Among the other highlights of our trip was a visit to a tobacco farmer in the agricultural region of Viñales—a dramatic and lush valley in Cuba’s interior that produces tobacco for some of Cuba’s most famous cigar brands. Sitting in the farmer’s kitchen and watching him expertly roll a cigar using tobacco grown in the surrounding fields was another unique experience. Most in the group could not pass up the opportunity to sample a hand-rolled Cuban cigar made directly at the source.
An unexpected change of hotel meant that we got to spend a night in Pinar del Río, on the very day when the region was celebrating its 128th anniversary! Our unplanned change in itinerary turned into an amazing opportunity to watch a street parade and meet numerous local characters who were thrilled to find a group of American’s staying in their village. In fact, it was common throughout our travels around Cuba to encounter people who were genuinely overjoyed to meet Americans. To a person, everyone we met in Cuba was incredibly friendly and helpful.

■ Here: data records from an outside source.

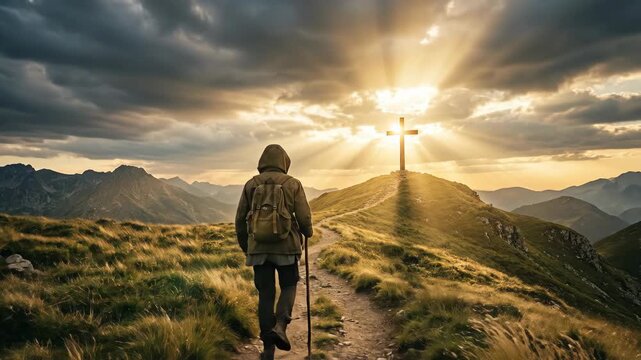 Man hiker walking on mountain path towards cross. Traveler trekking to hilltop under bright sunset rays. Pilgrimage, faith and spiritual journey in nature landscape.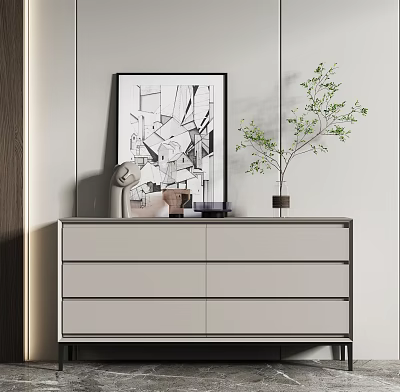 Modern Console Table With Drawers Black White Geometric Painting Sculpture And Green Plant 3d model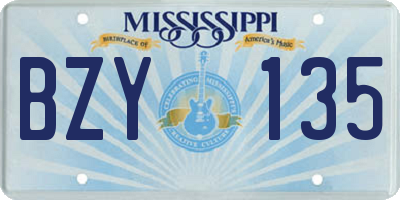 MS license plate BZY135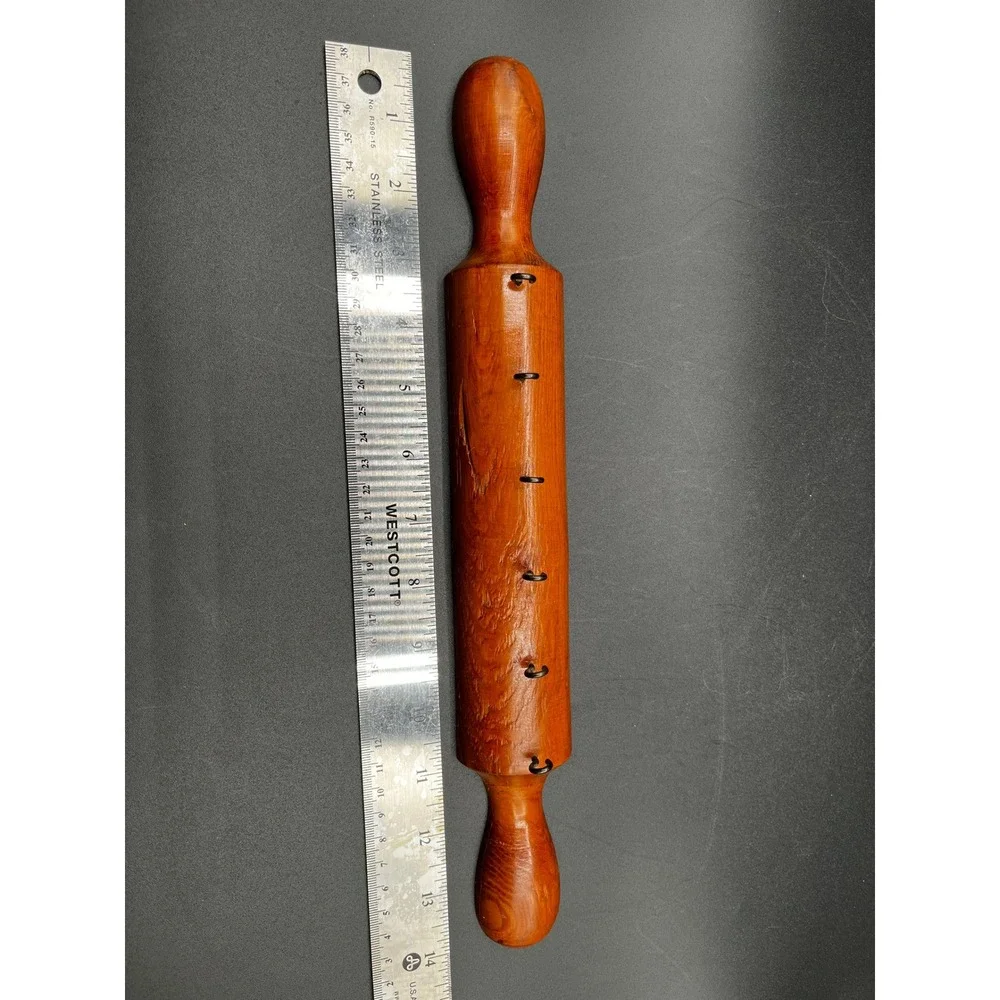 Vintage Wooden Hanging Kitchen Utensil Set Rolling Pin Meat Mallet‎ 6 Pc.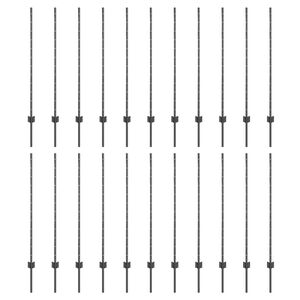 vidaXL Ograjni stebri 44 pcs Siva 160 cm Jeklo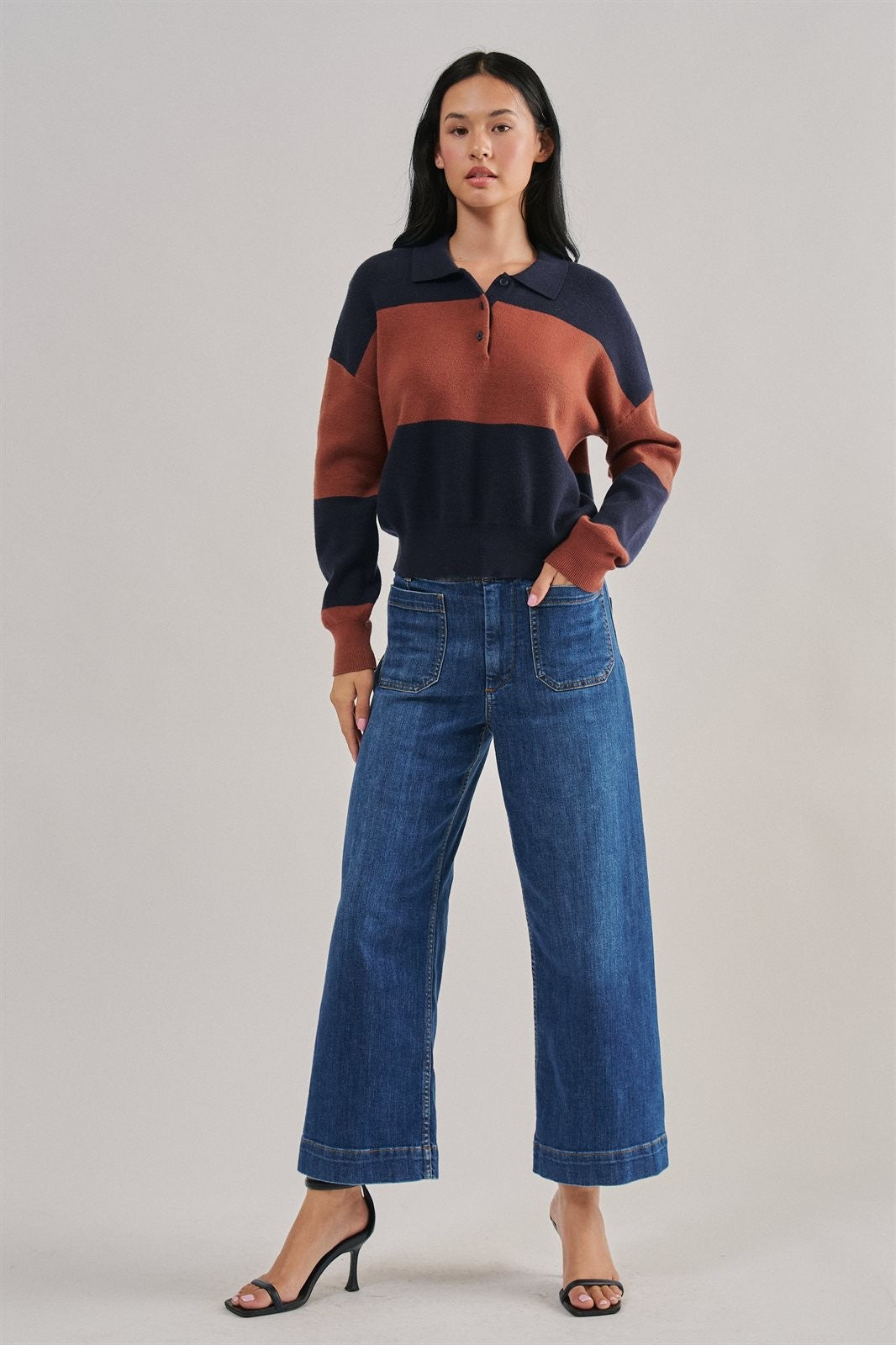 Colorblock Striped Knit Polo Sweater in Navy Choco - Women's Sweaters | Urban Daizy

The days passed quickly and all too soon we found ourselves heading back to Havana for our last night in Cuba, but not before one last whirlwind of cultural experiences. The STC group spent half a day exploring Ernest Hemingway’s farm, Finca La Vigia, which has been miraculously preserved by the Cuban people and is still filled with Hemingway’s personal possessions, clothes, artwork, book, and even his famed boat “Pilar.” Later that night our group was taken to see the famous Opera de la Calle, a talented company of Cuban singers, dancers and musicians that treated STC to a private performance none in our group will ever forget.
Of course, no trip to Cuba would be complete without a little drama, and ours came in the form of multiple power outages as we were waiting in line to go through immigration to leave the country. Each time the power went out the computer system had to be reset, eating up valuable time when we should have all been heading to the gate! Gradually, at less than a turtle’s pace, each member of our group managed to make it through and we all boarded the plane, with just minutes to spare before takeoff. Of course, we learned later that this is a common occurrence and the American Airlines flight crew knows to wait for all passengers to clear security during such delays.
This was definitely a memorable trip for everyone, and one that STC will be repeating in the future. We are excited about the possibility of forging a collaborative relationship with sea turtle conservationists in Cuba, to give our members an opportunity to visit this incredible country and support a local project working to protect the region’s turtle populations!